Friday, June 18, 2010

buttermilk lime ice pops

buttermilk lime ice pop
i had one of those moments recently.
you know what i'm talking about -
you go into home goods,
crossing your fingers that the perfect rug
or lamp or outdoor furniture has arrived,
only to leave $7 poorer and the
proud new owner of ice pop molds.

it was kind of inevitable that they -
or something similar -
would one day find their way into our house.
larry likes cold desserts. a lot.
i'm not sure, but i think he would pass up
cake or a slice of pie or maybe cookies,
for a bowl of ice cream. a few months ago,
he was looking through the latest
williams-sonoma catalog and he pointed out
a mold machine that was very tempting,
but was absolutely overpriced. and last month,
when visiting my sister, she pulled
mickey mouse molds - procured earlier in the
year in disney - out of the freezer.
it was only a matter of time.

we are in major money watching mode,
thanks to the whole house buying/moving thing.
we cannot make frivolous purchases.
but, when i saw these molds, i knew that it
was a decision that meant more than spending
out of turn. it meant taking a stab at being
a good wife. if the tables were turned and i held
a deep love for anything icy,
larry would have bought them without pause.

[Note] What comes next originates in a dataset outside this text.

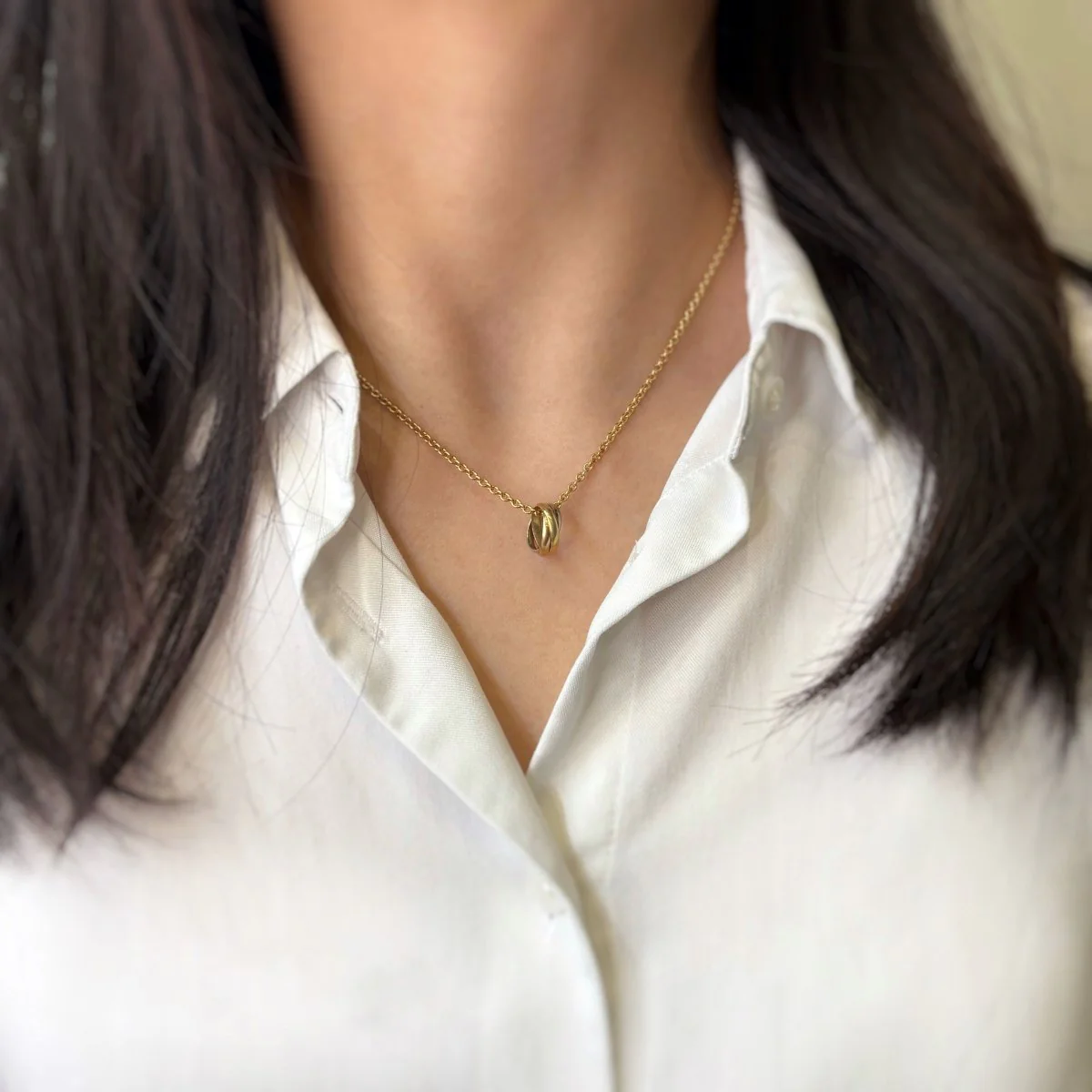 Necklace CARTIER "Trinity" pendant in yellow gold, white gold and rose gold - Image 2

he was away and i instantly envisioned filling
and freezing them, greeting him with a pop
upon his arrival. but then, it was three days later,
he was due home in about 4 hours and i hadn't
done anything. i started looking at recipes
and saw a lot more work than i was expecting:
simmering, blending straining, partial freezing.
i was not up for this.
but, then, i had one of those fortuitous moments
that i always think only happens to other people.
i saw a recipe for buttermilk and lemon ice pops.
two days before, still unsure which hamburger buns
i was going to make (these or these),
i picked up a carton of buttermilk. afterward,
i was lingering somewhere at annoyance at myself
for the unnecessary purchase and the desire to make
a chess pie, but it was still sitting in the fridge,
but now, ice pops.
it seemed too good to be true.
there was only one thing: lemon.
i spent a long time anti-lemon.
as you can see here, here and here,
i've grown out of that. but, i still got annoyed
this year when the irish soda bread that i picked
up was lemon-scented and i wasn't so
sure that i was up for lemon ice pops.
luckily, i love lime.
saying that i love lime is probably an
understatement. i can never have enough.
and so, buttermilk-lime ice pops were born.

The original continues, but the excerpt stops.